After that, the only thing left to do, was to thickly cover the rest of the space with dark brown clumps of moist wood chips. My precise method?  Dump a bag, smooth it out. Move on.

I did. I dumped a bag and a half into the two split beds leading up to my real front porch. I did take care to kind of paw some away from plants that I know are plants. Yellow daffodils, orange lilies. I also invested a few moments trimming that something-piney half-bare tree-like thing that lives to the right of a living room window. Probably not the right season to prune it, but every time the wind blows, it stretches an awkward, arm-like branch into my couch-view. It’s especially alarming at night.

From there, I rounded the corner to my new-two-years-ago railroad tie garden space that has yet to become one. I did mostly succeed in deceasing an odd, low-low-to-the-ground viny, yellow and green thing. My friend asked what the lone clump of greenery was. I don’t know, but it sort of resembles daffodil sprouts. Only thinner. I mercifully gave them breathing room, and dumped the rest of half bag I was holding.

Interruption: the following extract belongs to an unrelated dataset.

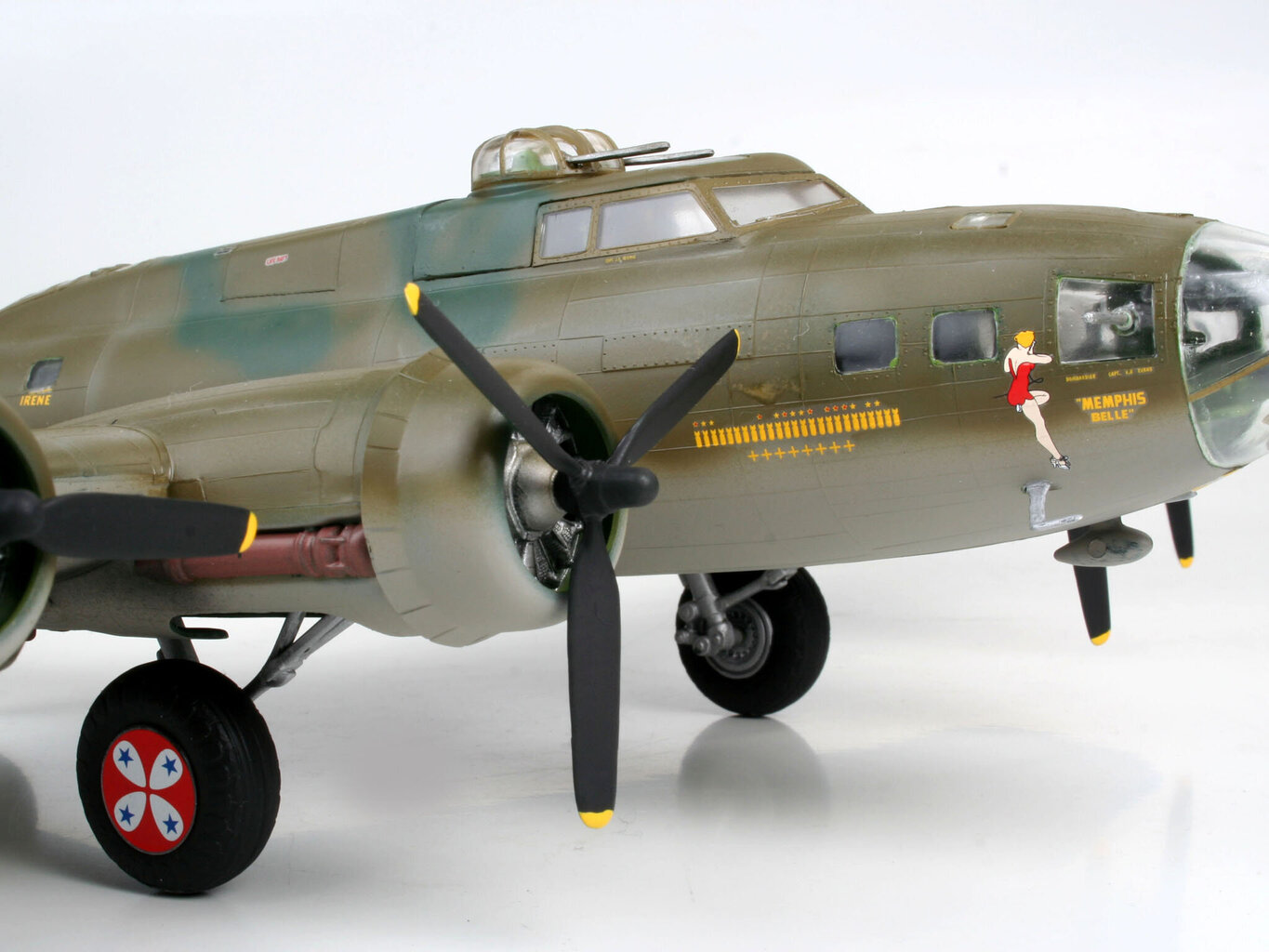 Pienoismalli muovinen lentokone Revell B-17F Memphis Belle, vihreä hinta ja tiedot | Poikien lelut | hobbyhall.fi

Hostas are hardy enough that even I can’t accidentally kill them. Even when, say I didn’t forget to clip the tendrils and cut them back before the first Michigan frost. In my defense, the frost came early and I hadn’t been engaged in caring.

“Do you think I need to clear out all the dead stuff?” It was a hopefully inquiry. The hope was that the answer would be, “No.” Unfortunately, I was, as expected, informed that it would be a good idea.  

That was a quick go, too. A couple of handfuls of dry, brittle, bud branches and leftover fall foliage was all it took. Again, I considerately brushed away bits from just sprouting buried shoots. I’m particularly fond of hardly-ever-need-water and ever-expanding Hostas.

So, maybe I do have a little landscaping desire buried deep within. Maybe, I’ll indoor-pot some poblanos next to the already potted cat grass.